The constructed circuit is shown in figure 1 printed out using the lab printer. Next, a symbol of the circuit is created using DA from the menu Miscellaneous followed by Generate Symbol. The created symbol is than modified. The modified symbol is shown in figure 2. Next, Quicksim is activated mainly to invoke forces on the constructed circuit and to Trace as well as to analyze the output of the circuit through waveforms. The saved file of the constructed circuit using DA is opened in Quicksim.
Firstly, the function TRACE is used to trace PRE, CLR, CLK, D, Q, QB. After this a Trace box will appear at bottom lower left of the screen. This is where the simulated waveforms will appear. Forces is then added to each of the traced components except for Q and QB.
Component Value of Force PRE 1 at time 0 CLR 0 at time 0 and 1 at time 35 CLK Period 100, 50% duty cycle D Period 160, 50% duty cycle After forcing the components with the required values, type RUN 800. The waveforms will appear exactly the same as the required waveforms printed out in figure 3. (please note that the traced components are included in the waveform results) As we can see clearly in figure 3, the inputs of D are copied straight to the output Q. Transitions occurs at every positive-edge of the clock. Therefore the waveforms agree with the specification mentioned above. Next, an experiment is done by changing the PRE and CLR to low. Theoretically, an illegal output would happen. The traced output with the above configuration is printed in figure 4.
We can see that when both PRE and CLR are low resulting the output of Q and QB to be high. QB is defined to be the opposite of Q. However this happens (both are High) due to the fact that both PRE and CLR are set to low. Therefore it is said that the output gives an illegal operation. This is because PRE and CLK cannot be set to low at the same time. PRE has to be HIGH to give an output.
The next operation done to the D flip-flop is to analyze the output when the CLK and input D changes simultaneously. We do this by adding force to the CLK and D by using the Stimulus in the menu and then clicking on ADD CLOCK (remember to delete the previous forces). We set the period of CLK to be 100 with 50% duty cycle and 150 is set for D. The output waveform is printed in figure 5. By looking at the Q output waveform, we note that at every positive rising edge of CLK and D which in this case happens simultaneously gives an oscillated output. Why does this happen We have to first understand the basic concept of Timing factors. Below is a graphical explanation of the time behavior of cell.

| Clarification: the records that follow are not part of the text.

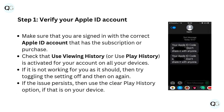Step 1: Verify your Apple ID account. Make sure that you are signed in with the correct Apple ID account that has the subscription or purchase. Check that Use Viewing History or Use Play History is activated for your account on all your devices. If it is not working as it should, try toggling the setting off and then on again. If the issue persists, then use the Clear Play History option, if that is on your device.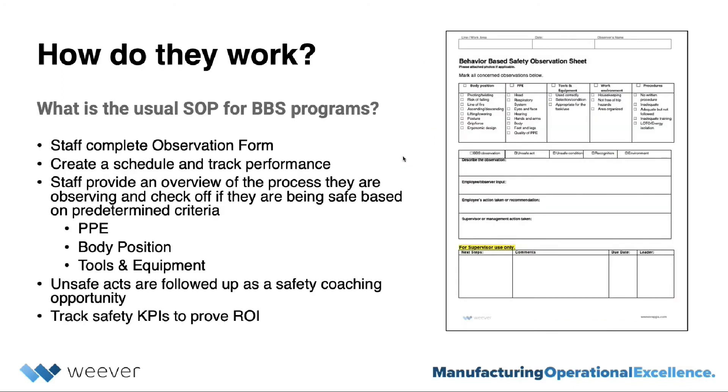The usual standard operating procedure for BBS programs is to first determine the criteria of the observations, such as PPE, tools and equipment, work environment, etc.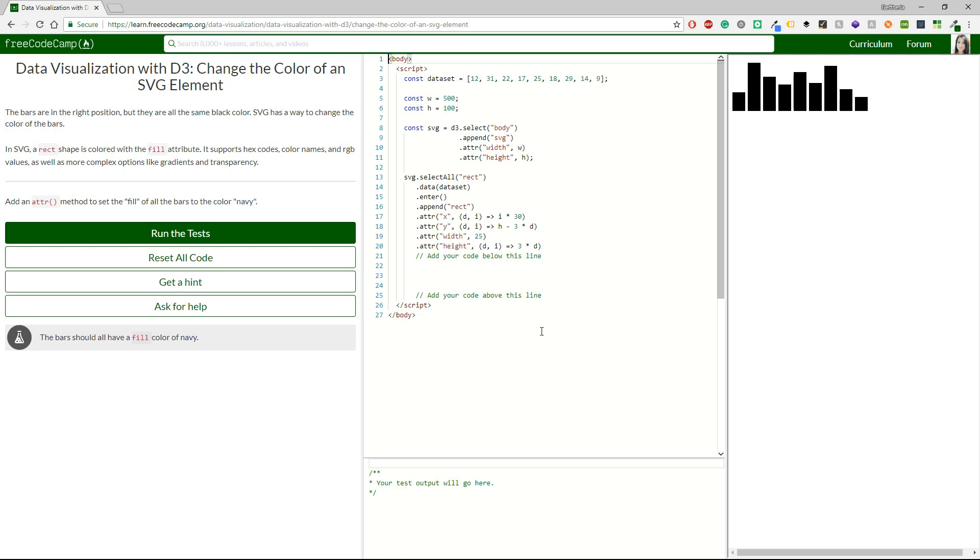In SVG, a rect shape is colored with a fill attribute. It supports hex codes, color names and RGB values, as well as more complex options like gradients and transparency. Add an attribute method to set the fill of all the bars the color navy.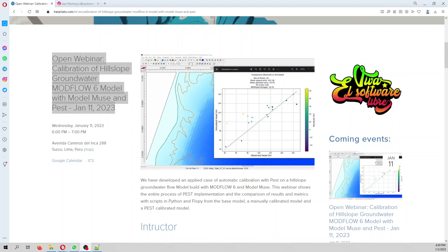Hello my friends of Caterai Labs, my name is Ulm Montoya. Welcome to the introduction for our upcoming webinar that will be held on January 11.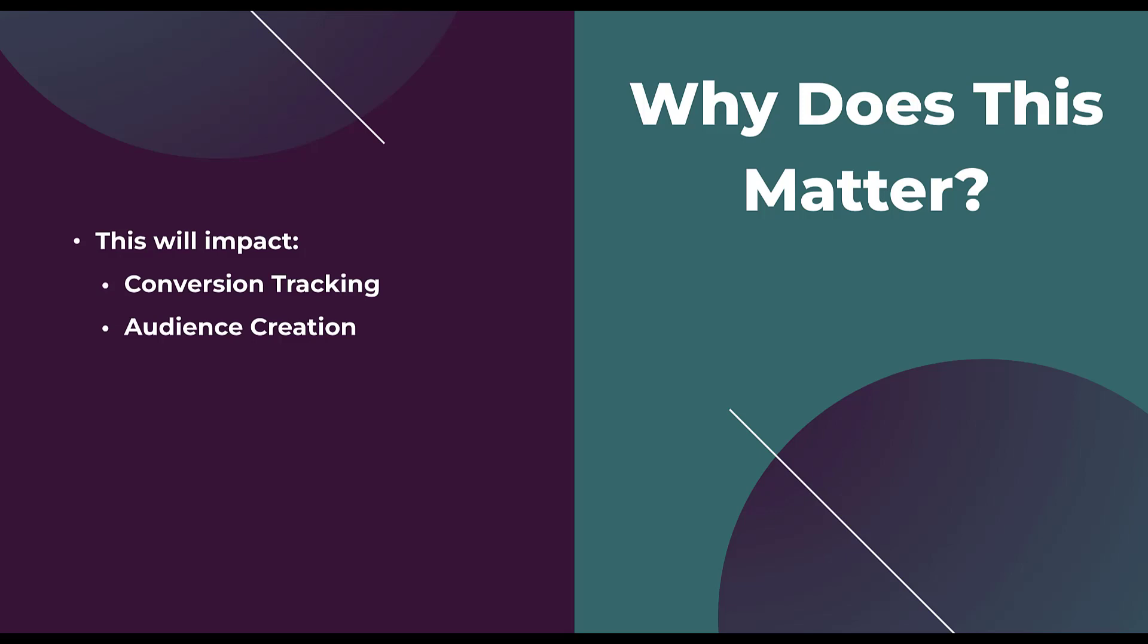But with this third party issue, it's only going to be a bigger gap between the reality of the performance and what you're seeing in the platform. So upgrading to a first party cookie is going to be imperative to see the right performance and create the right audiences in your account.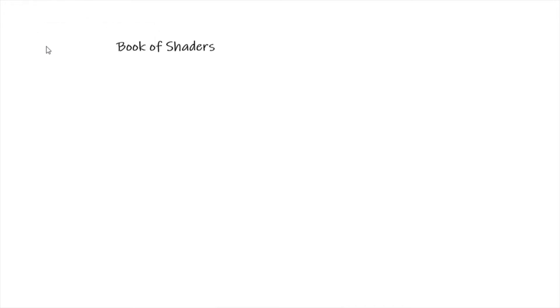Hey guys, this series is gonna be a beginner course that documents my progress through programming fragment shaders. I'll be leaning heavily on the Book of Shaders by Patricio Gonzalez Vivo and Jen Lowe. There is a link in the description. I won't be going over every single example in the book, just the ones that I think are important.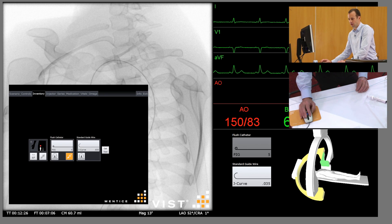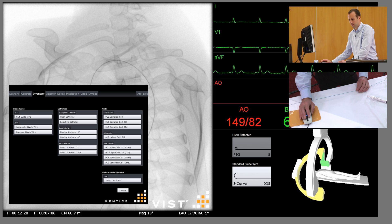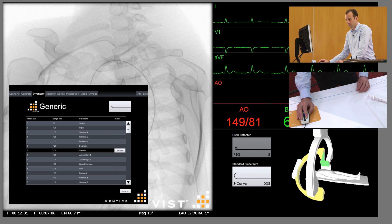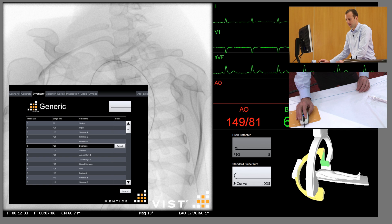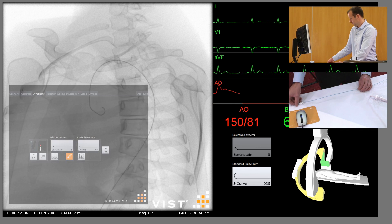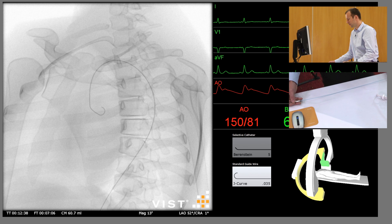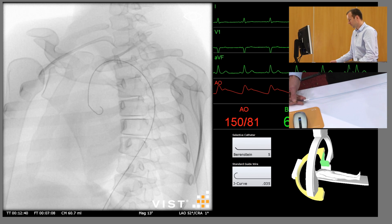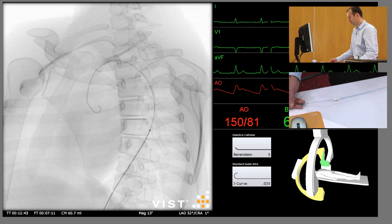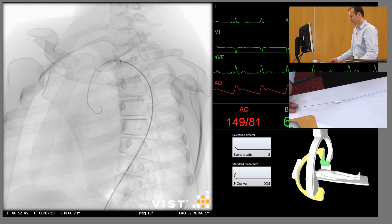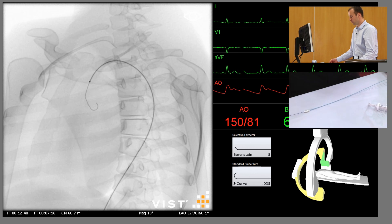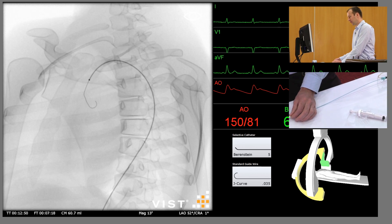We're then going to change to a selective catheter. In this case we're going to use a Berenstein catheter, 5 French, and reinsert this over the guide wire, past the target vessel. We're going to engage it by withdrawing the catheter rather than advancing it into it.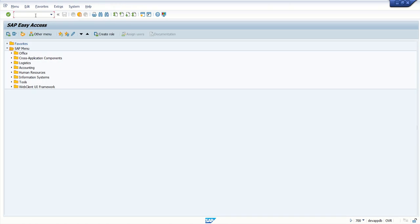So in this way, we can add the SO10 object into a transport request. Thank you.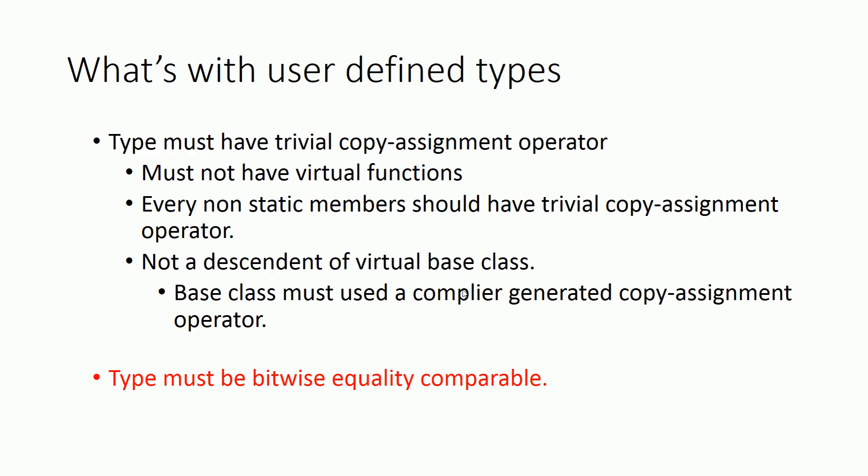If you want to use user-defined type with the atomic class template, you have to ensure that the particular type has trivial copy assignment operation, which means those types must not have virtual functions, and every non-static member should have trivial copy assignment operator and not be a descendant of a virtual base class.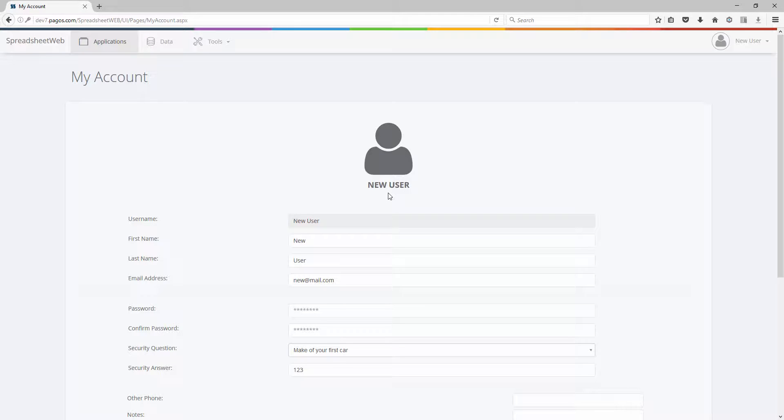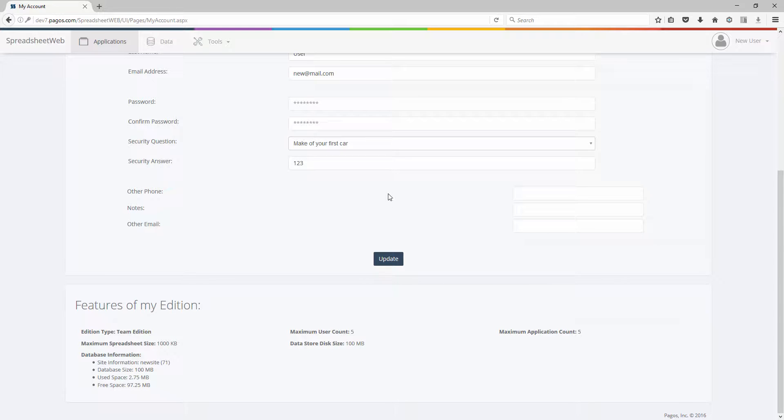From the My Accounts page, you can change your user information. When you're done, simply press the Update button.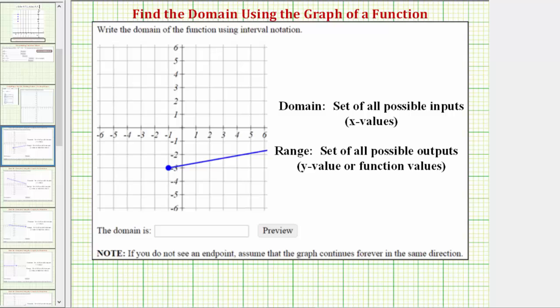Welcome to several examples on how to determine the domain of a function given the graph of a function. Looking at the provided graph, notice how we're told if we do not see an endpoint, assume the graph continues forever in the same direction.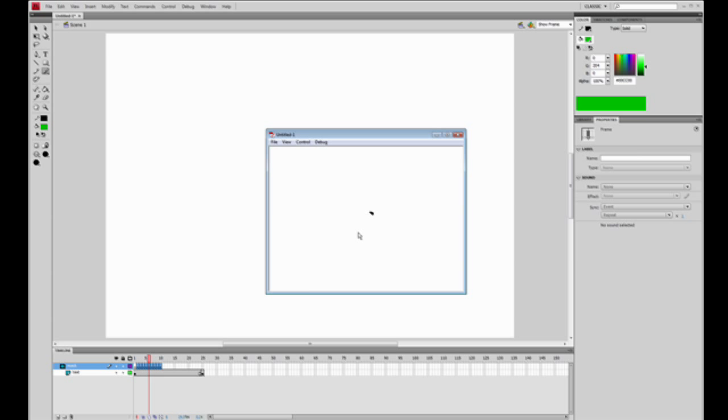There it is — a cursive animation of the S being drawn. Very simple, very easy, but very effective.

CLK Input State Time Behavior of Cell Setup time (tsu) is the minimum interval from the stabilization of the cell input to the triggering edge of the clock. Hold time (th) is the minimum time interval from the triggering edge of the clock to a subsequent change in the input to the cell. Propagation delay (tw) is the time interval from the triggering edge of the clock to the stabilization of the new state (cell output). When it is appropriate, we distinguish low-to-high and high-to-low propagation delays.
After reading through the time behavior of cell (taken from Introduction to Digital Systems by Milos Ercegovac, Tomas Lang and Jaime H. Moreno) we now can conclude that the oscillation happens due to the fact that the output cannot be determined whether to set to high or low. It is set in such a way that whenever CLK and D triggers to High simultaneously, oscillation occurs (figure 5). The lack of setup up time is the reason why oscillation happens. TTL The next section of the assignment takes a look at TTL delays. The standard D flip-flop file which was saved in the beginning is copied into a new file called dfilpttl. This is done by opening the previous flip file and saving it, typing the path name as dflipttl.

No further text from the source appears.